• Input data:
§

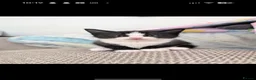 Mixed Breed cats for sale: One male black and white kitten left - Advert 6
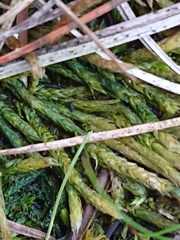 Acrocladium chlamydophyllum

§

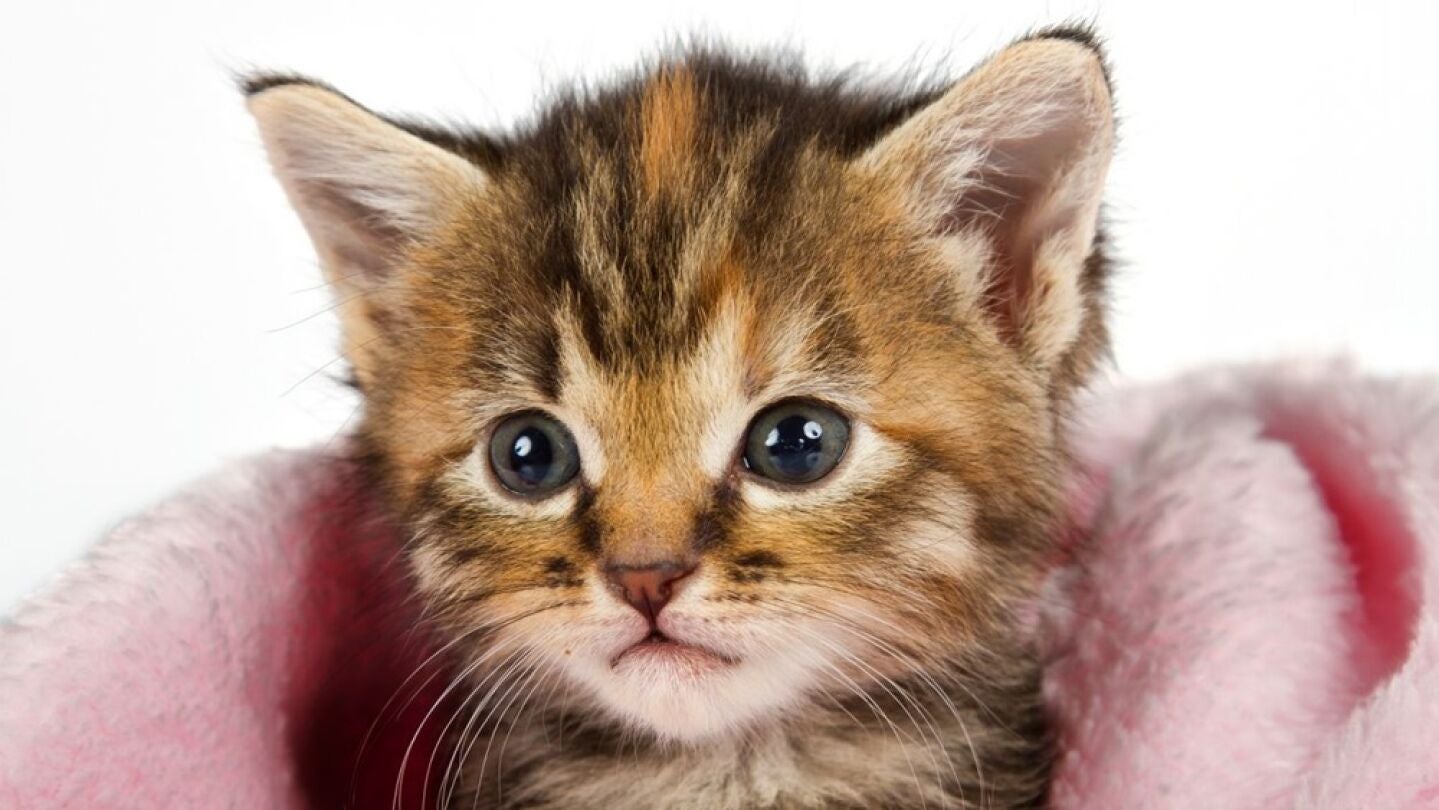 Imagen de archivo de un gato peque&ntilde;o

§

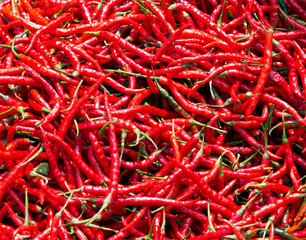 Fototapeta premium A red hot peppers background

§

• Problem statement:
In the listing above, find the line with "Mixed Breed cats" and the line with "Acrocladium chlamydophyllum". Copy both of them and every line between, exactly, but not the pictures.

• Solution for this problem:
 Mixed Breed cats for sale: One male black and white kitten left - Advert 6
 Acrocladium chlamydophyllum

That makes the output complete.